(Image-caption web data)
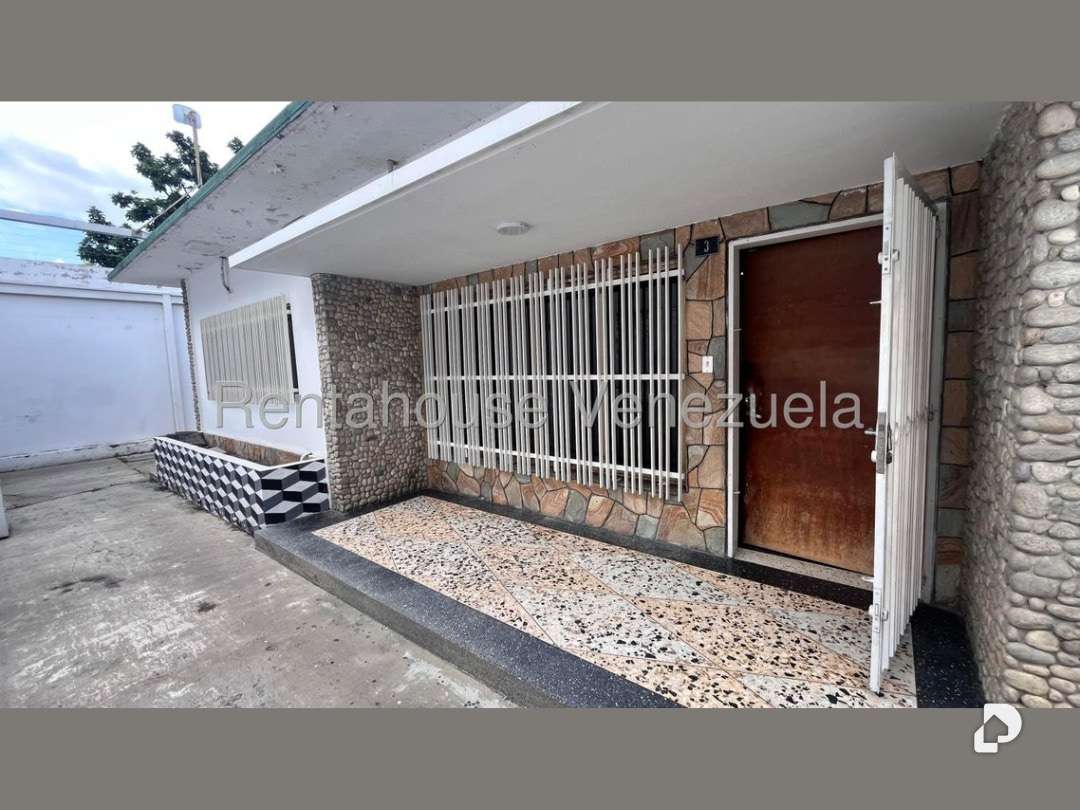 Casa en San Miguel, Maracay – 2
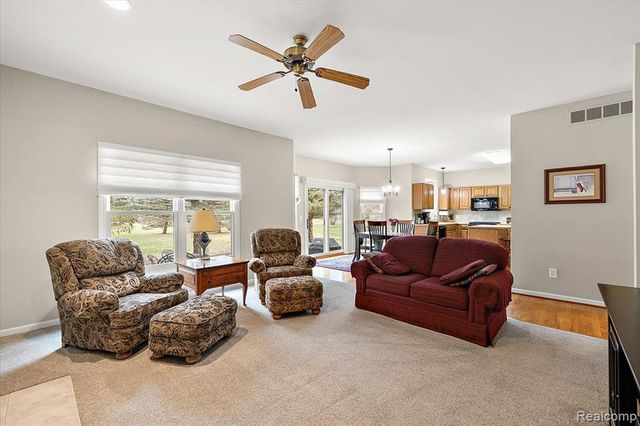 8446 S Shore Drive, Clarkston, MI 48348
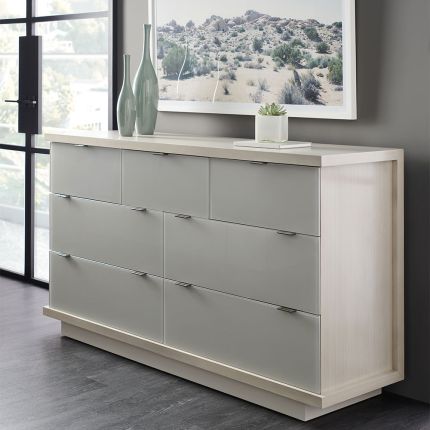 Caracole Expressions Dresser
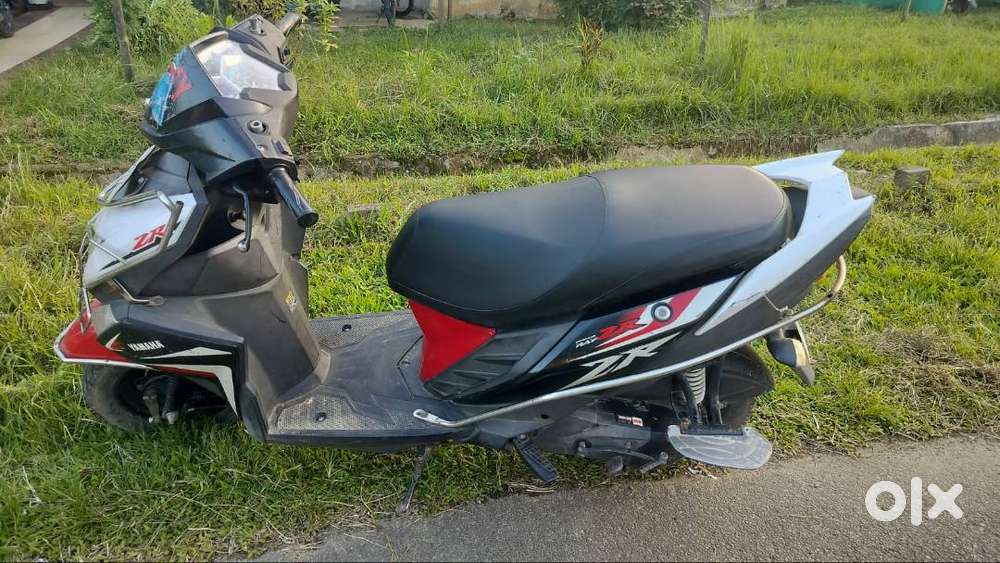 Yamaha Ray ZR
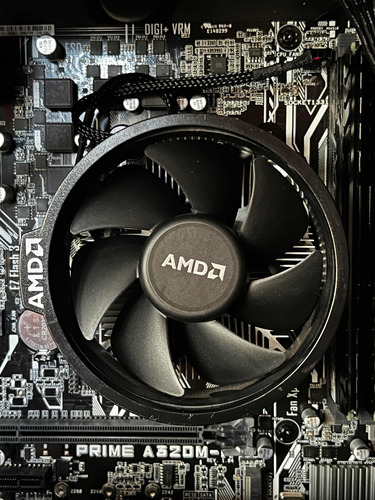 Computadora Gamer Pc Con Ryzen 5 5600g Ram 16gb Ssd 240gb (Usado)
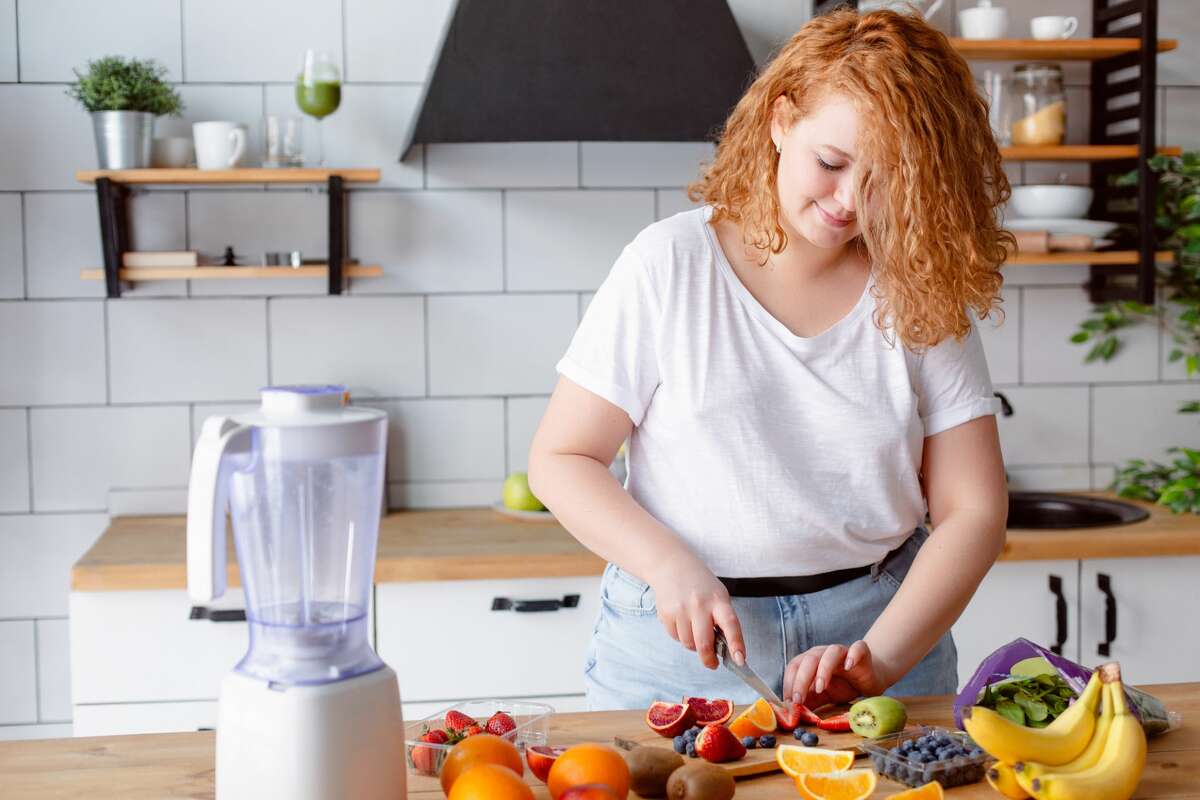 If you're trying to shed a few pounds before Summer, you must try Noom, it's currently offering a free 7-day trial.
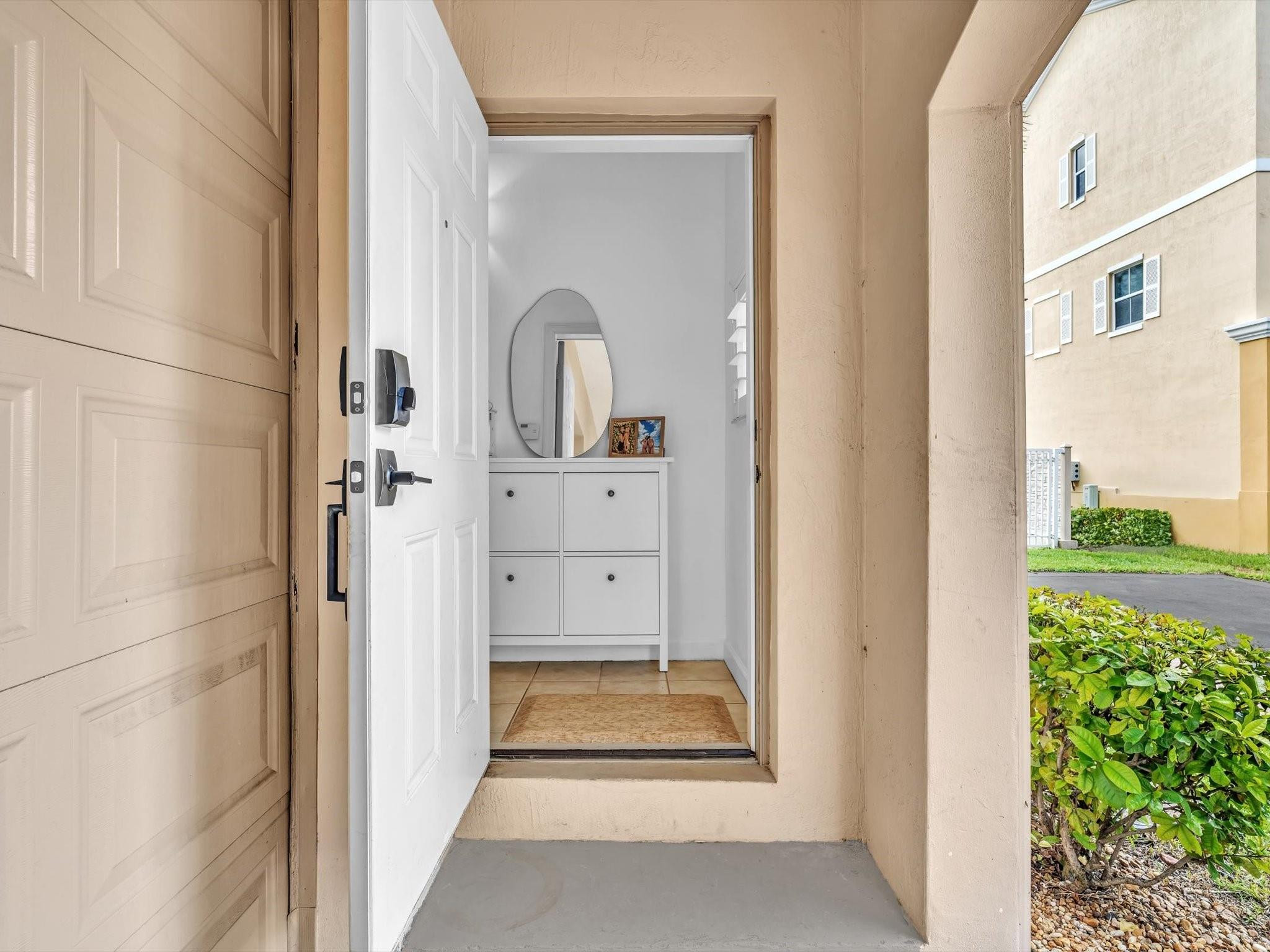 2329 Vintage Lighthouse Point, FL 33064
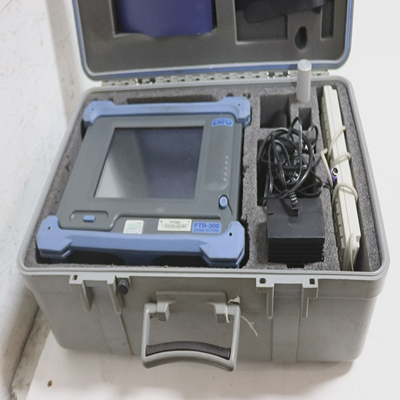 经电源测试ExfoFTB-300通用测试系统带底座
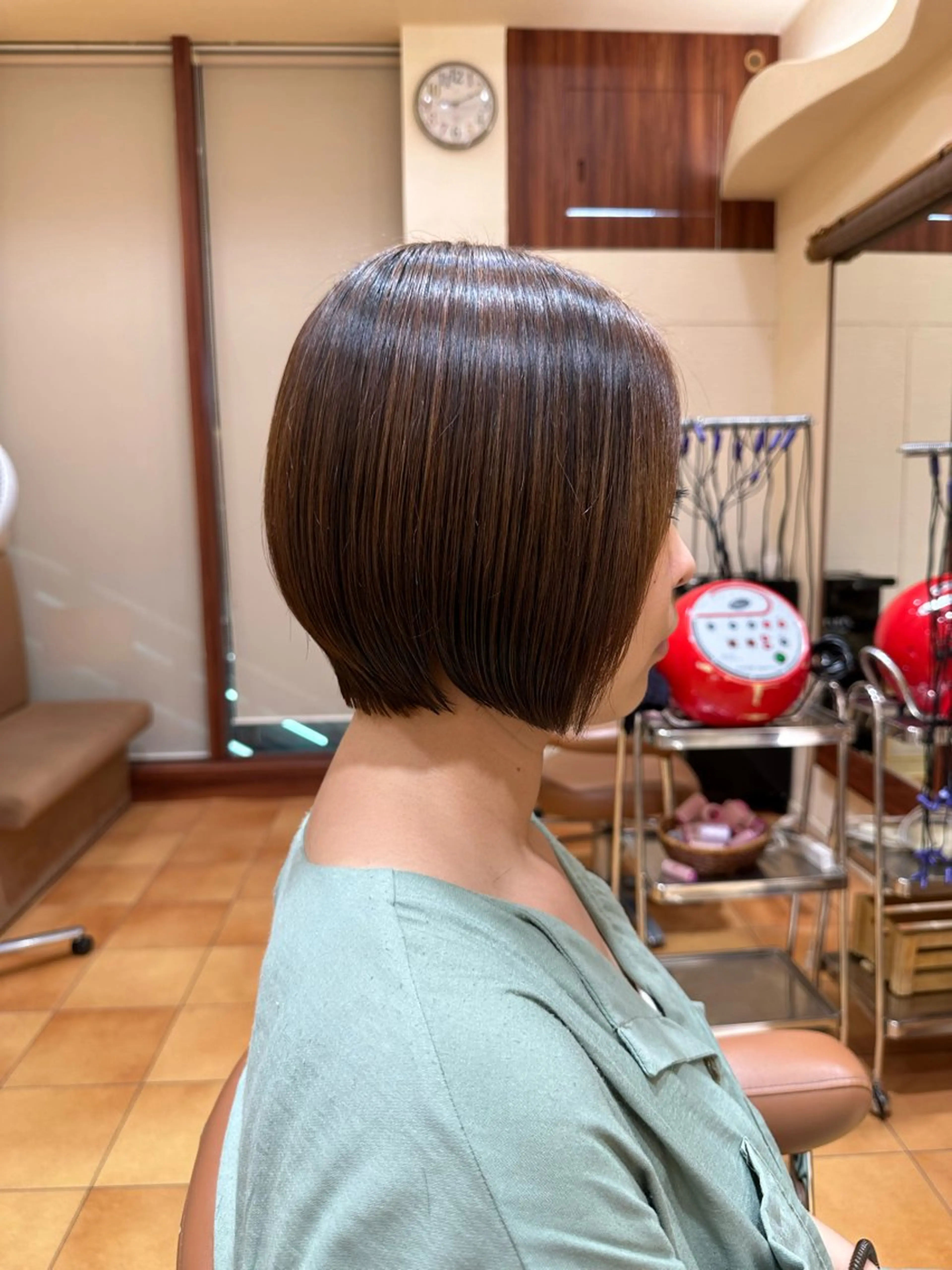 ミディアム とうい/パーマボブ/ くせ毛/丸みボブのヘアスタイル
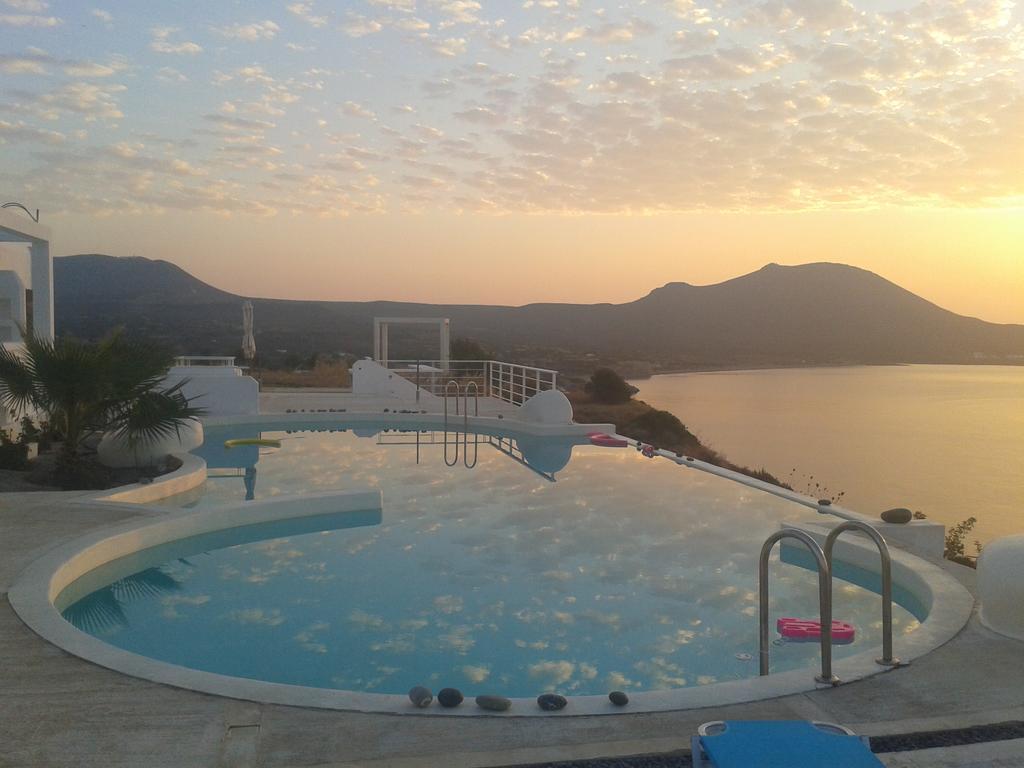 Villa Kaladi Rock Avlemonas Exterior foto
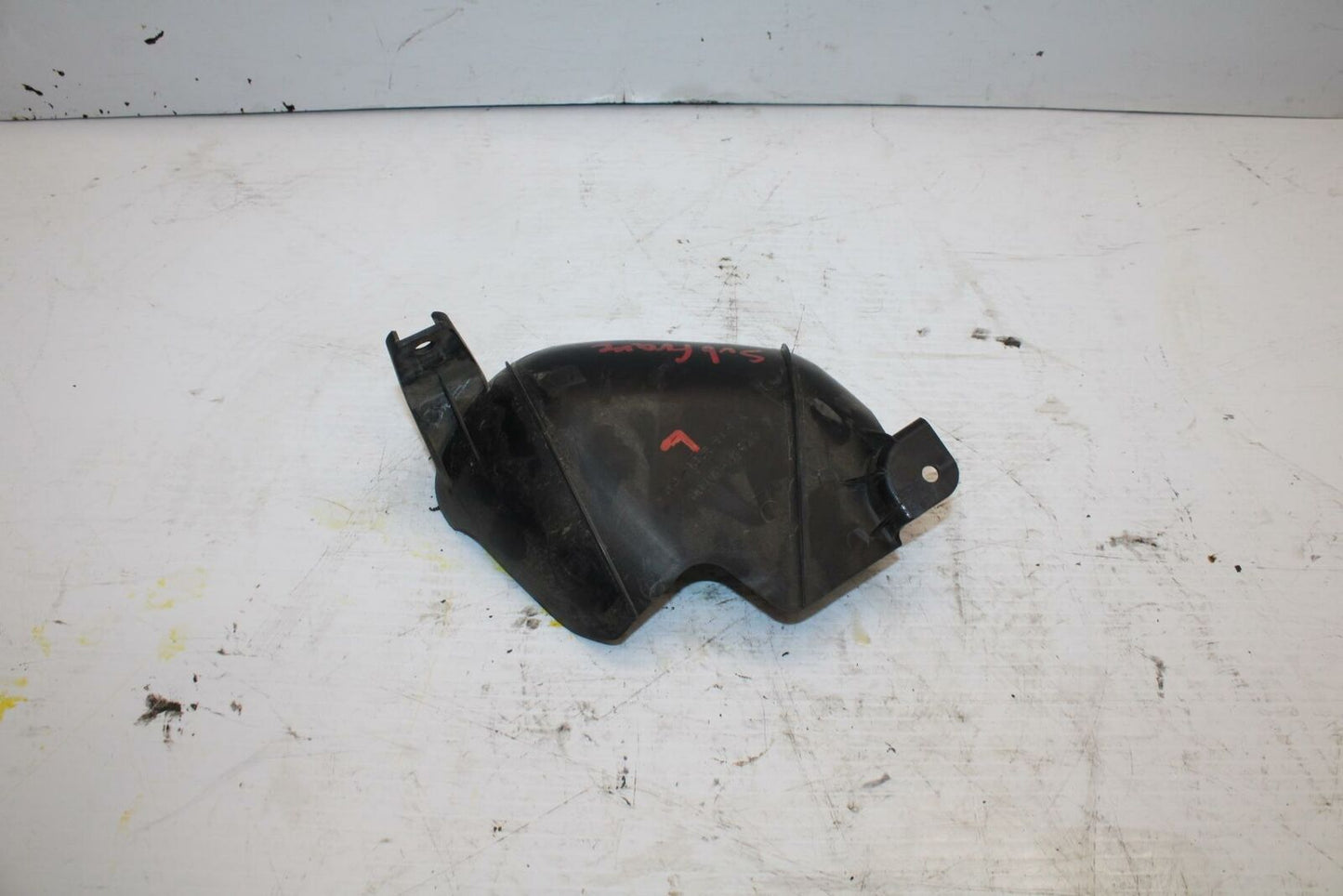 00-07 SUZUKI HAYABUSA LEFT SUB FRAME SIDE COVER COWL PANEL TRIM  BB281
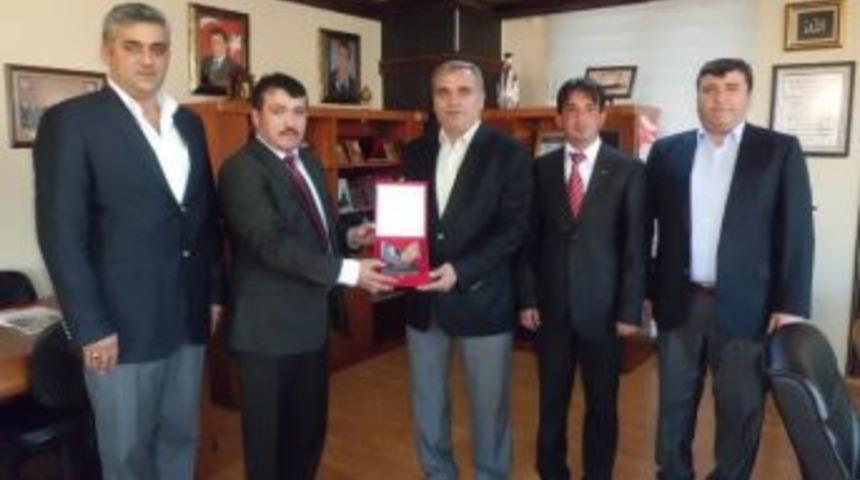 G&uuml;meli İlk&ouml;ğretim Okulundan Odabaş&rsquo;a Teşekk&uuml;r Plaketi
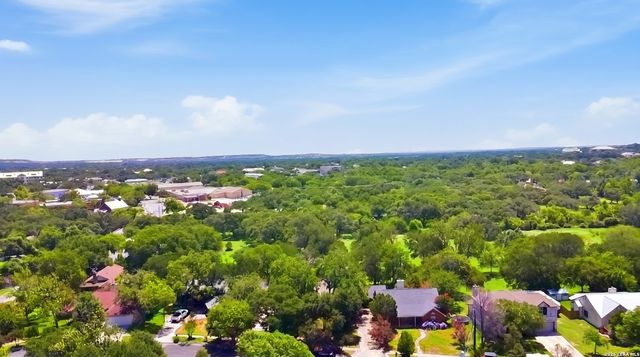 109 CIBOLO CROSSING DR, Boerne, TX 78006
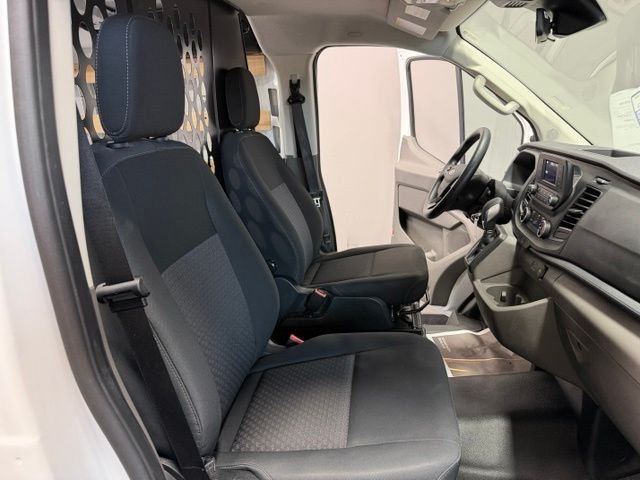 Used 2025 Oxford White Ford Base image 20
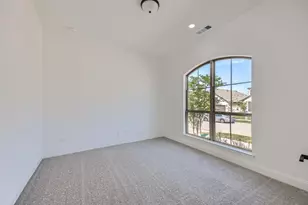 620 Florence Trl, Little Elm, TX 76227 - Photo 3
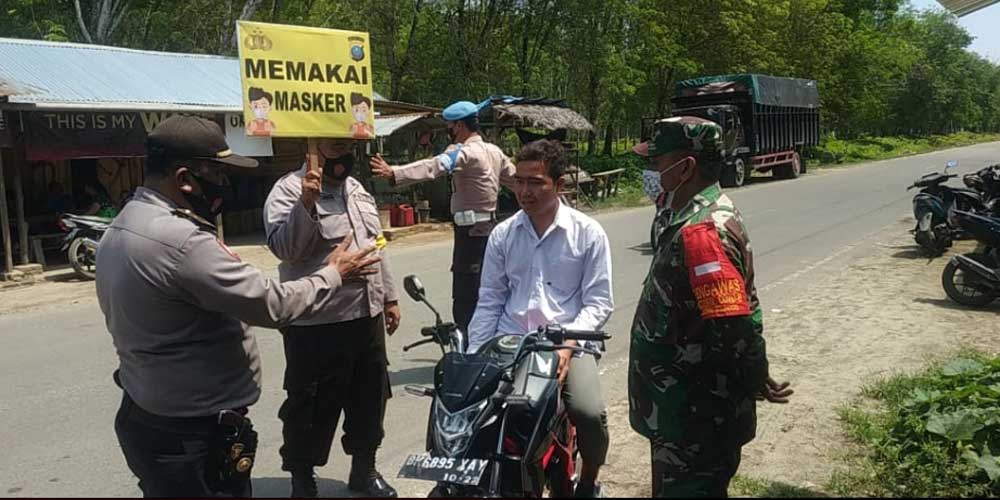 OPERASI: Petugas gabungan Polsek Sipispis, TNI dan Satpol PP Kecamatan saat melakukan operasi yustisi di Desa Marjanji.sopian/sumut pos.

**Problem requirements**.
Return each record exactly as given, excluding any image.

**Task result**.
 Casa en San Miguel, Maracay – 2
 8446 S Shore Drive, Clarkston, MI 48348
 Caracole Expressions Dresser
 Yamaha Ray ZR
 Computadora Gamer Pc Con Ryzen 5 5600g Ram 16gb Ssd 240gb (Usado)
 If you're trying to shed a few pounds before Summer, you must try Noom, it's currently offering a free 7-day trial.
 2329 Vintage Lighthouse Point, FL 33064
 经电源测试ExfoFTB-300通用测试系统带底座
 ミディアム とうい/パーマボブ/ くせ毛/丸みボブのヘアスタイル
 Villa Kaladi Rock Avlemonas Exterior foto
 00-07 SUZUKI HAYABUSA LEFT SUB FRAME SIDE COVER COWL PANEL TRIM  BB281
 G&uuml;meli İlk&ouml;ğretim Okulundan Odabaş&rsquo;a Teşekk&uuml;r Plaketi
 109 CIBOLO CROSSING DR, Boerne, TX 78006
 Used 2025 Oxford White Ford Base image 20
 620 Florence Trl, Little Elm, TX 76227 - Photo 3
 OPERASI: Petugas gabungan Polsek Sipispis, TNI dan Satpol PP Kecamatan saat melakukan operasi yustisi di Desa Marjanji.sopian/sumut pos.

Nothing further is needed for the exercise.